Raw data »
=== Section Start ===

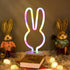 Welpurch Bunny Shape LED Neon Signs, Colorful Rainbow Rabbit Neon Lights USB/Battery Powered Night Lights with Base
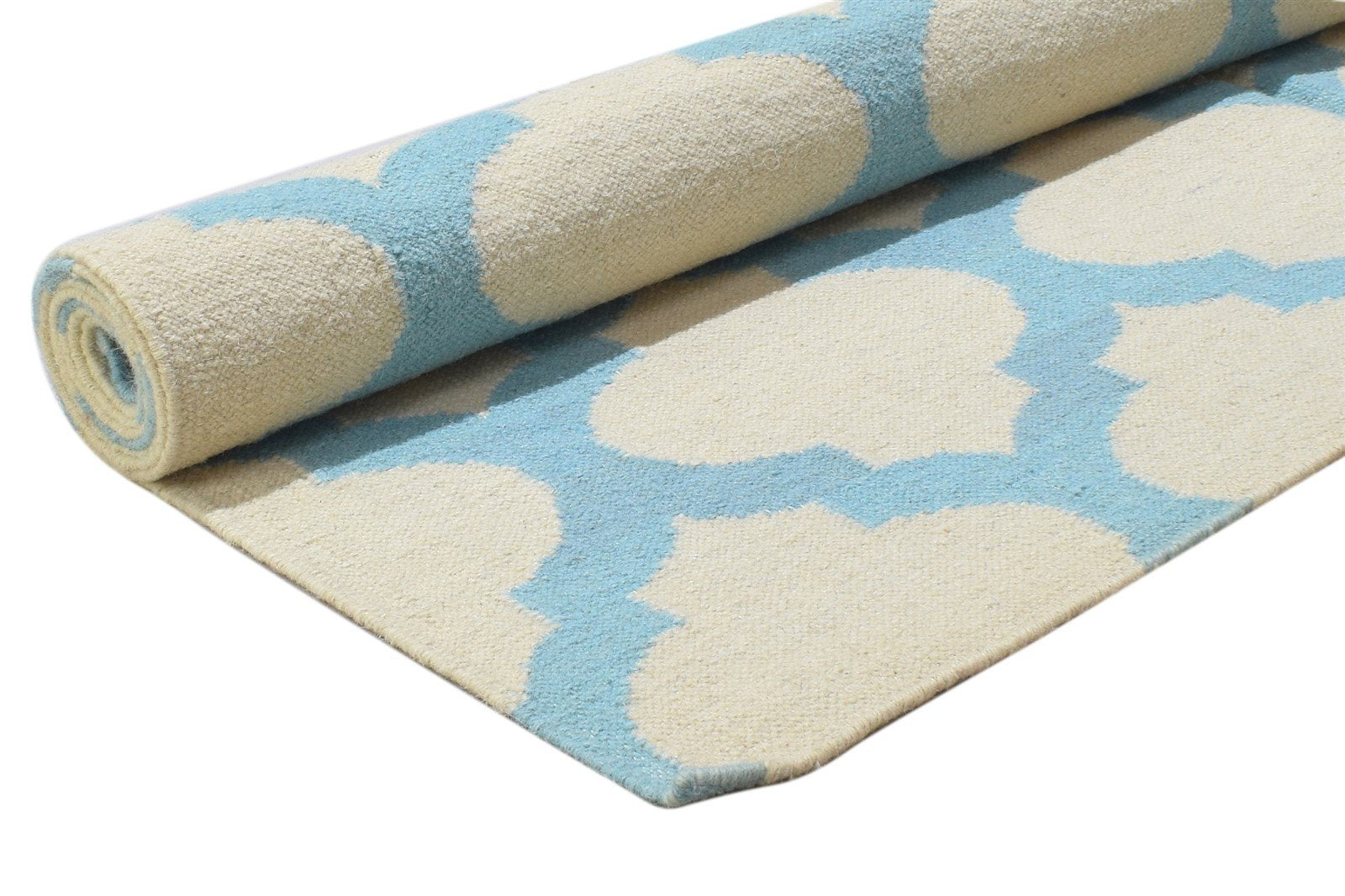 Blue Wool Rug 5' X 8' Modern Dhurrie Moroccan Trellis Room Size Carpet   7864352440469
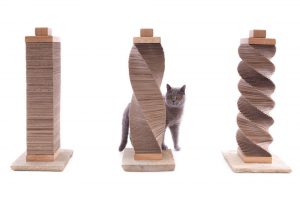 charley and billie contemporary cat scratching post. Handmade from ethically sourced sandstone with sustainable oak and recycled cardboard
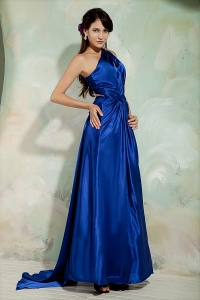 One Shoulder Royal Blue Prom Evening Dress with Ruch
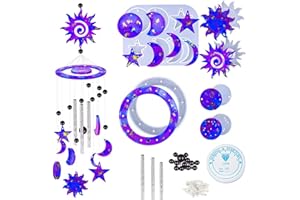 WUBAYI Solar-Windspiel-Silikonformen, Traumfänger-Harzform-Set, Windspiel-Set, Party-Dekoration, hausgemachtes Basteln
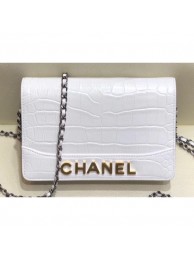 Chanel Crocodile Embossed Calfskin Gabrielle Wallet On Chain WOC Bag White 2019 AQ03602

=== Section End ===

To do » Every line of the records must come back unchanged, except that pictures are dropped.

Your solution »
 Welpurch Bunny Shape LED Neon Signs, Colorful Rainbow Rabbit Neon Lights USB/Battery Powered Night Lights with Base
 Blue Wool Rug 5' X 8' Modern Dhurrie Moroccan Trellis Room Size Carpet   7864352440469
 charley and billie contemporary cat scratching post. Handmade from ethically sourced sandstone with sustainable oak and recycled cardboard
 One Shoulder Royal Blue Prom Evening Dress with Ruch
 WUBAYI Solar-Windspiel-Silikonformen, Traumfänger-Harzform-Set, Windspiel-Set, Party-Dekoration, hausgemachtes Basteln
 Chanel Crocodile Embossed Calfskin Gabrielle Wallet On Chain WOC Bag White 2019 AQ03602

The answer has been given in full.